Y yo ya estoy harto de esta dependencia irreal y absurda que nos hemos auto-impuesto. Ya está bien de intentar mantener amistades de whatsapp que son más falsas que un billete de siete euros y que solo existen por impulsos cada cierto tiempo o cuando a alguno le interesa mantenerla para obtener algo a cambio. Por estas razones, quizá consideradas como chorradas por algunos, he dejado whatsapp, y puedo asegurar que ha sido una de las mejores decisiones que he tomado últimamente, quizá la única buena en muchos años. El Puente de Toledo me sirvió de atalaya para ver y comprender cómo es la sociedad y cómo debería ser. Asomado a las piedras del puente con el sol calentándome la espalda, con el viento despeinándome y con el estado Vicente Calderón, símbolo mítico del deporte de mi querida y amada ciudad que está en riesgo por motivos de especulación, por cuestión de dinero, ese dinero que no respeta ninguna tradición ni ningún lugar histórico, por muchos recuerdos que evoque, me di cuenta de que el whatsapp nos hace más insociable y nos impide relacionarnos con la gente.
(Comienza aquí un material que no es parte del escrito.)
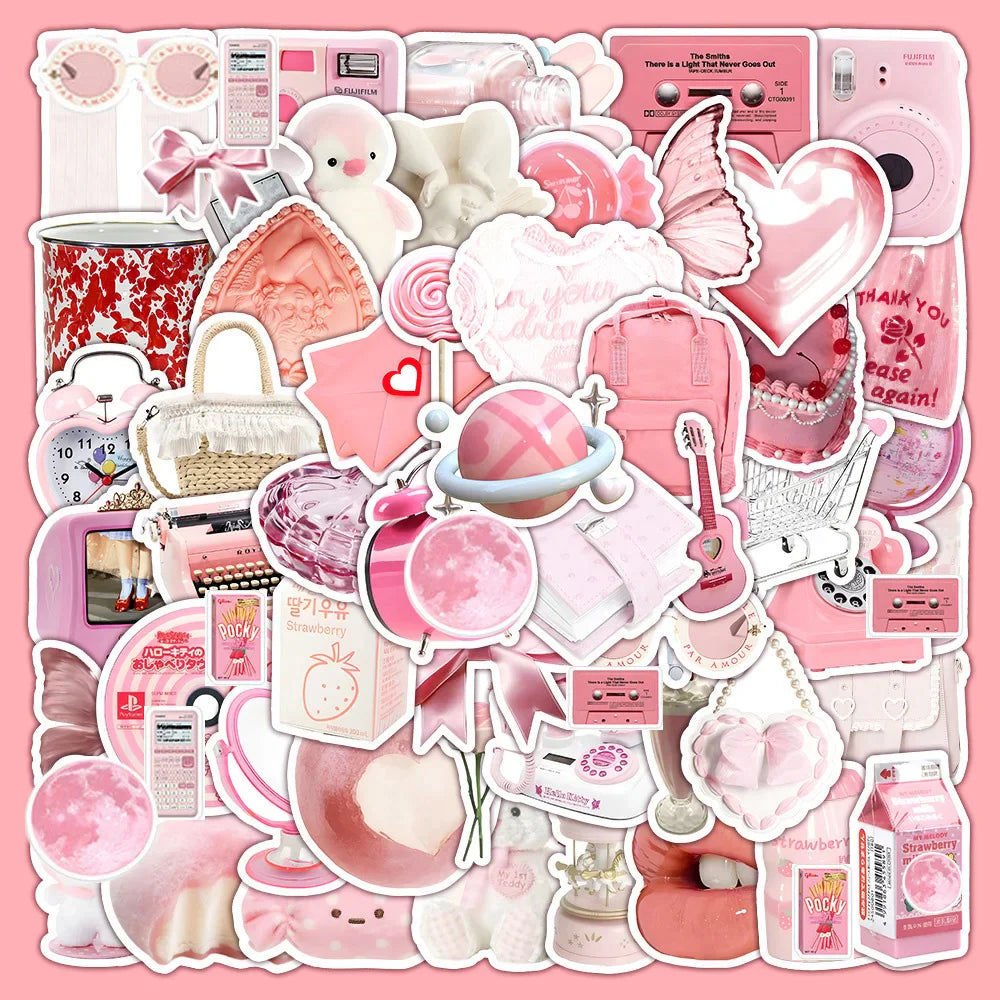 Cute Pink Cartoon Stickers for Fridge, Phone, Notebook, Wall, Kids DIY Toy - 10/30/63pcs (ONLINE ORDER ONLY)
Puede parecer una contradicción absoluta pero es verdad. Nadie lo admitirá porque estamos enfermos, somos adictos al móvil y no nos damos cuenta. Estoy harto de ver como la gente solo está pendiente del móvil aunque esté con otra gente físicamente al lado. Estoy cansado de ver cómo amigos solo saben consultar el teléfono aún cuando estemos comiendo en un restaurante y se pueda mantener una conversación. Quizá esto sea porque no se puede mantener una conversación. No entiendo qué puede ser tan urgente. No entiendo que haya esa imperiosa necesidad de contestar a un whatsapp. Siempre se pone de excusa, es que es mi novia, es que es un amigo al que tengo que contestar, es que es una persona que tal o que cual. Si eso es tan importante no quedes, no vayas de vacaciones con otras personas, no salgas a cenar o a comer con nadie, enciérrate en tu vida de mierda a contestar al whatsapp. Esto cansa y molesta.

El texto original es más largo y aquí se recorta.